## Exercise input
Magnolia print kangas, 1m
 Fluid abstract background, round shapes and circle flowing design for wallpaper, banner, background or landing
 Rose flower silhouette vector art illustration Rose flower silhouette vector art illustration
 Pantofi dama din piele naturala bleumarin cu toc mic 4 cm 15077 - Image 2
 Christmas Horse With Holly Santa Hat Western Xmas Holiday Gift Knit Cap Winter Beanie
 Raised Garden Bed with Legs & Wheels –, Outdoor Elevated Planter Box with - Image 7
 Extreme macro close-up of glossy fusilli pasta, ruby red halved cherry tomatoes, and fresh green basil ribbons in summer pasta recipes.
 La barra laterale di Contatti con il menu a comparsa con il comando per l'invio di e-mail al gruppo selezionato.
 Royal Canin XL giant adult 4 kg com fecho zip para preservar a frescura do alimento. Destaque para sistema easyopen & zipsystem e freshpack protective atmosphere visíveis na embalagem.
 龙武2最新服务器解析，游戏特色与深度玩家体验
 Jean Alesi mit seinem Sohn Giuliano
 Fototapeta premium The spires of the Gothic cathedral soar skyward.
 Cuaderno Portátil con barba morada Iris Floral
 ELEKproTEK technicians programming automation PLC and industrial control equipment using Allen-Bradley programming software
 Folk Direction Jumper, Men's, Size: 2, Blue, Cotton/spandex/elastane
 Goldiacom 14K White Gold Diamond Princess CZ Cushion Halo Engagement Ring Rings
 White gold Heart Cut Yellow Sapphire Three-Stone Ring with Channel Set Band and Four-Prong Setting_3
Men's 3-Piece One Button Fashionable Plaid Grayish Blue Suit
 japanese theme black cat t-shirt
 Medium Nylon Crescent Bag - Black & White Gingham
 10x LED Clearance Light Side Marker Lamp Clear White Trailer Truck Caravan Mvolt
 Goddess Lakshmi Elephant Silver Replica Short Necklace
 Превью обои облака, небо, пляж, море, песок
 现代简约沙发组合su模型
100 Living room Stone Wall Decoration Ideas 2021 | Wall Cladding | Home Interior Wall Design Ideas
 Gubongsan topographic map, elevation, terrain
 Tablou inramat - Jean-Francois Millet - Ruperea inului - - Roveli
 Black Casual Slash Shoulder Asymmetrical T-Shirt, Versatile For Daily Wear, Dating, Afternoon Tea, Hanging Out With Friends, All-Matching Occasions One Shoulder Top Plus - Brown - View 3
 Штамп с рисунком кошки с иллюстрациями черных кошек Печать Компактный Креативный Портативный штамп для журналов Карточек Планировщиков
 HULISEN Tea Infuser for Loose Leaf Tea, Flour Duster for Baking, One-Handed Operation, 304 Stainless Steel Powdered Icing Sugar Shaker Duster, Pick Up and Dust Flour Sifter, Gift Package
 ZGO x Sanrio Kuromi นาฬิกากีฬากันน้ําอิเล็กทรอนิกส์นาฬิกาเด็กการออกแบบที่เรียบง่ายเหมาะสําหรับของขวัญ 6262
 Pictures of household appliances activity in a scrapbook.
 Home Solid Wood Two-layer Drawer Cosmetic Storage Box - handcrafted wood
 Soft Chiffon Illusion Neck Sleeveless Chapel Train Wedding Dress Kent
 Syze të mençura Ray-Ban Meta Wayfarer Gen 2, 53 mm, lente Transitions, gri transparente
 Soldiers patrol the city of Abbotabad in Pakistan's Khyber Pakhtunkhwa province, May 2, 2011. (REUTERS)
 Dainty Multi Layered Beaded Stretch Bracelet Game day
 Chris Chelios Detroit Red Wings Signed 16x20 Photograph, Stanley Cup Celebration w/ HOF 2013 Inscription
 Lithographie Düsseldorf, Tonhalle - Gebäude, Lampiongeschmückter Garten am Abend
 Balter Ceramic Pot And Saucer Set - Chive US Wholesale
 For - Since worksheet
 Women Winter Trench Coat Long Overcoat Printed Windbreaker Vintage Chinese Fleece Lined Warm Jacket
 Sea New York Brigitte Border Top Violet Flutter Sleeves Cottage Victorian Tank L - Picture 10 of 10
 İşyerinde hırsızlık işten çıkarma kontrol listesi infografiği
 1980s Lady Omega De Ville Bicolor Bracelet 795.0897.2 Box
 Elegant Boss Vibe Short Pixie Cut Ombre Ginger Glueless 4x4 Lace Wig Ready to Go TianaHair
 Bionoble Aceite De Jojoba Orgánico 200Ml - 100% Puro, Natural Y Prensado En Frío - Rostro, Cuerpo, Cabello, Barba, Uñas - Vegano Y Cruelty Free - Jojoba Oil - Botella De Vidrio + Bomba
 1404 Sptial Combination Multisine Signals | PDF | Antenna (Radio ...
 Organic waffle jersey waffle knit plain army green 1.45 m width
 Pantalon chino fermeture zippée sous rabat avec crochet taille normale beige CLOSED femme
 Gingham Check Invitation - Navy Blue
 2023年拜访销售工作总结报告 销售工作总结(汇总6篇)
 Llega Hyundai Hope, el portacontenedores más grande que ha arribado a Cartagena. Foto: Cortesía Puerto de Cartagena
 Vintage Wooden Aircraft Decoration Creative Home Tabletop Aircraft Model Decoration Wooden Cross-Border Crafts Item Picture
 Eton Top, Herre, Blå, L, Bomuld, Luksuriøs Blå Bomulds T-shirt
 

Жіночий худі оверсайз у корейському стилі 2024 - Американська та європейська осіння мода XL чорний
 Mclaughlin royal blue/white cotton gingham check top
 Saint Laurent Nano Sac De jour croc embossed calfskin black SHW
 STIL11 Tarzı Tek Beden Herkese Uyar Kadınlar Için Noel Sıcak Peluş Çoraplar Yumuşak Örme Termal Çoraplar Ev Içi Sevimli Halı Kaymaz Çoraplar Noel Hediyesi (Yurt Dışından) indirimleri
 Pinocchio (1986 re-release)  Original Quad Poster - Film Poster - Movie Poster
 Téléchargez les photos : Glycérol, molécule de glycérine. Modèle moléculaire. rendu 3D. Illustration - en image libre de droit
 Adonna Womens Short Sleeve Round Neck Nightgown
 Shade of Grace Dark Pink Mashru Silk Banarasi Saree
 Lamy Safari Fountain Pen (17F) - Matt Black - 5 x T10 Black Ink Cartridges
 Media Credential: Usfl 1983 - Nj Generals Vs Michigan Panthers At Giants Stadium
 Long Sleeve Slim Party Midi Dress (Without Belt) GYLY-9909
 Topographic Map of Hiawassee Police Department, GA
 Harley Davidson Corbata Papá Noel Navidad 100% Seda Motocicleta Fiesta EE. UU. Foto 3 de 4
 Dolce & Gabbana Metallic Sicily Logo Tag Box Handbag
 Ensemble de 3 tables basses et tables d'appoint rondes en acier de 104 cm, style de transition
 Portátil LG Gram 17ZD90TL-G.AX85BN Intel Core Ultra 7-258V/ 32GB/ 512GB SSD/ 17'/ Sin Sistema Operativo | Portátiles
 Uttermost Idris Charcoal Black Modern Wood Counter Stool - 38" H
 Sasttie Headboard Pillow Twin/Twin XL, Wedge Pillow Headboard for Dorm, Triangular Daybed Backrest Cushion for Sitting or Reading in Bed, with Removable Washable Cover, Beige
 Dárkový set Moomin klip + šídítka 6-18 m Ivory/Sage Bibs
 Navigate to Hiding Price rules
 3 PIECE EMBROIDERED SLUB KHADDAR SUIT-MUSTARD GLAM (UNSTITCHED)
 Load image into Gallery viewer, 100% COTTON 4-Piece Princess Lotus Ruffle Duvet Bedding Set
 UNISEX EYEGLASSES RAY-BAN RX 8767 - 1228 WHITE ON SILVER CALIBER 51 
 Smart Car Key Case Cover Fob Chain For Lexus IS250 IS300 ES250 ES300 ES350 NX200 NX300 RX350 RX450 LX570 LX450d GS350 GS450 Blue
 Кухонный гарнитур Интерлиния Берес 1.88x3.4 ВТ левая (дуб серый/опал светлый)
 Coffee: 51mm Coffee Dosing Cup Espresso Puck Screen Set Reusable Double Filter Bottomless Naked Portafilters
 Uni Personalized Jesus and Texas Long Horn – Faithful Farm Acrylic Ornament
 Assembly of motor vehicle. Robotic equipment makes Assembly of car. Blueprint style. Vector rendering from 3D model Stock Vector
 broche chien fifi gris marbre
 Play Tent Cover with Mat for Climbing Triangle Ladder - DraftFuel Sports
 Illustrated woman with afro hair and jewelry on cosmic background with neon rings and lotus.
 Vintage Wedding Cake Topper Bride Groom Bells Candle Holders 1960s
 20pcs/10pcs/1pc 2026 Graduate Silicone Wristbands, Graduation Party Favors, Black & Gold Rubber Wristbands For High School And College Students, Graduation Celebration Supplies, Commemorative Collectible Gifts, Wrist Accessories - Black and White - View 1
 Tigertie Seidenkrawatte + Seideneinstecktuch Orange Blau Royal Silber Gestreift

## What to do
List every line above that contains the word "Border".

## Answer space
 Sea New York Brigitte Border Top Violet Flutter Sleeves Cottage Victorian Tank L - Picture 10 of 10
 Vintage Wooden Aircraft Decoration Creative Home Tabletop Aircraft Model Decoration Wooden Cross-Border Crafts Item Picture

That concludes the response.